▸ **Data excerpt**

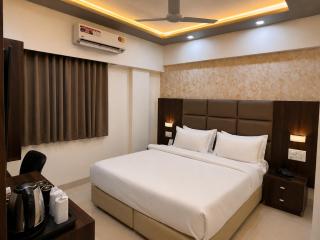 Hotel Galaxy Comforts - Near Mumbai International Airport - 6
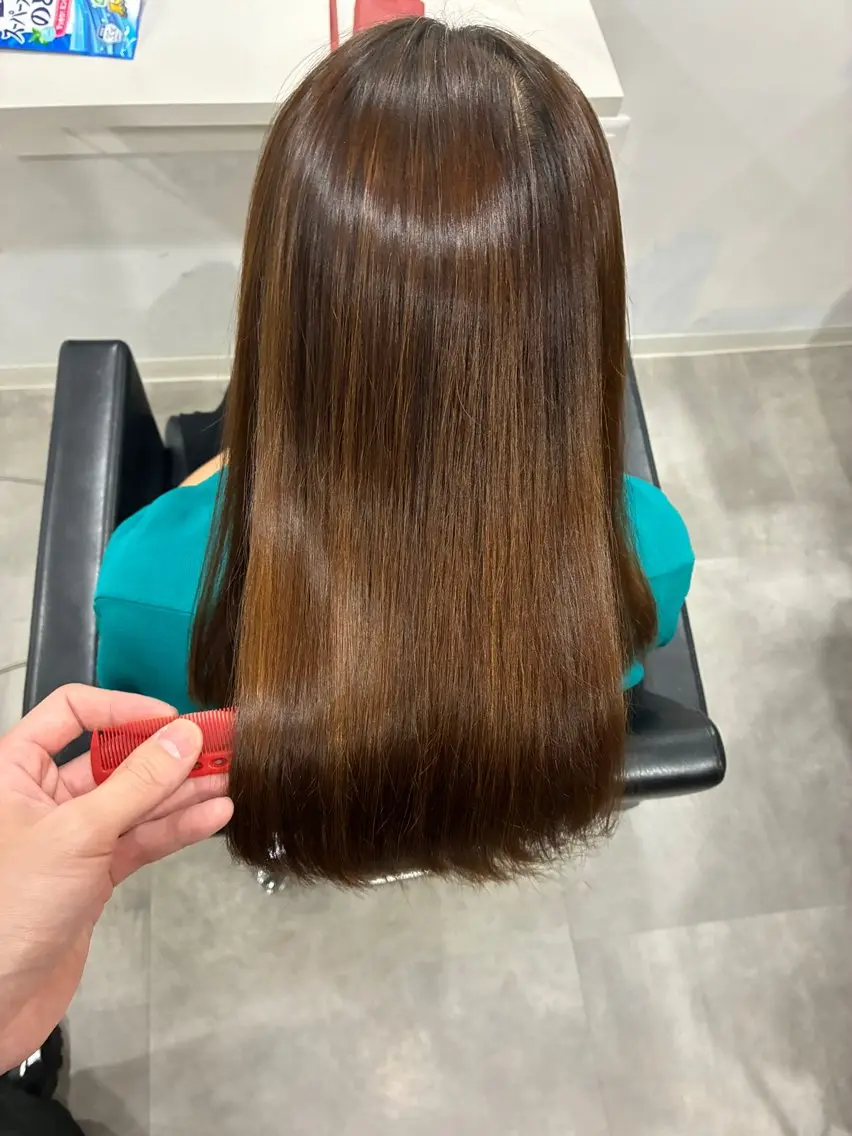 セミロング カット 縮毛矯正 トリートメント 【ブリーチ縮毛矯正】 TAKUMIのヘアスタイル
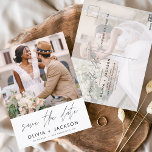 Cartão Postal White com Letra de Mão Editável Salvar a Data Foto<br><div class="desc">Foto moderna e elegante Guarde o Cartão de Casamento de Data. O cartão de convite para salvar a data inclui tipografia branca com Mão-esticada e chic e design simples em um fundo branco para o qual você pode adicionar sua fotografia personalizada de noivado.</div>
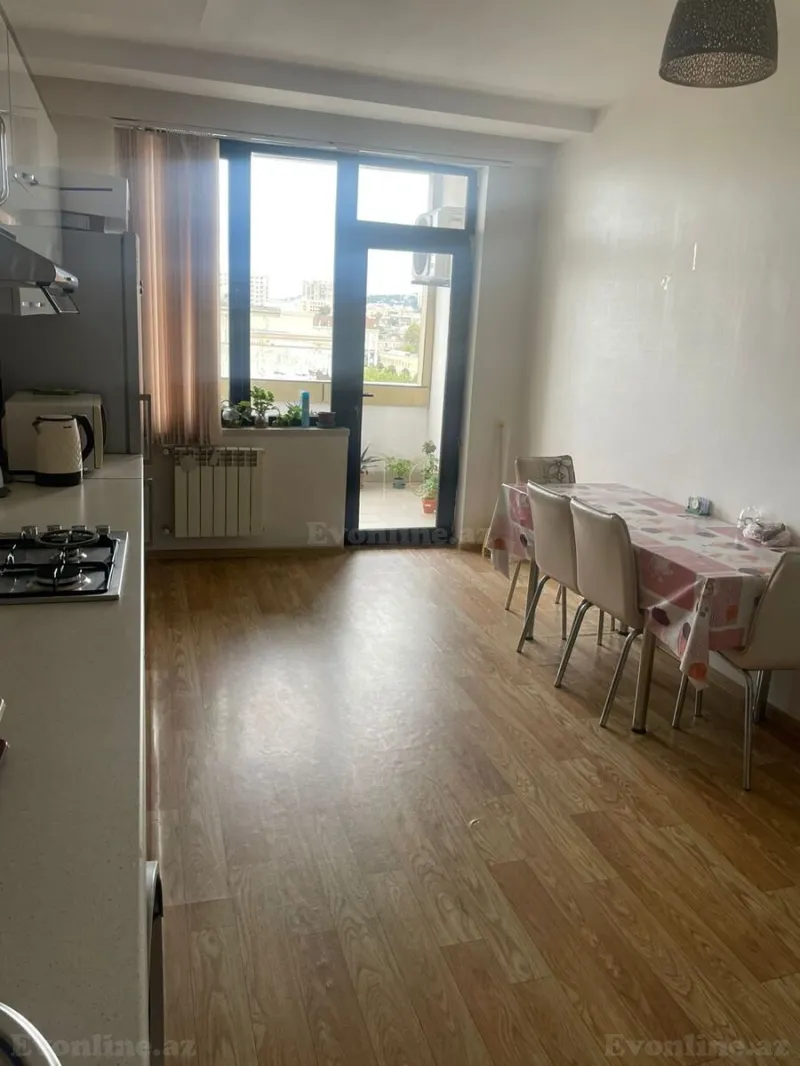 Kirayə verilir Ofis 150 m² Nizami m. - şəkil 9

▸ **Your assignment**
Leave out the pictures and repeat exactly the lines from the start of the material through the line that contains "セミロング カット 縮毛矯正", both included.

▸ **Reply to the exercise**
 Hotel Galaxy Comforts - Near Mumbai International Airport - 6
 セミロング カット 縮毛矯正 トリートメント 【ブリーチ縮毛矯正】 TAKUMIのヘアスタイル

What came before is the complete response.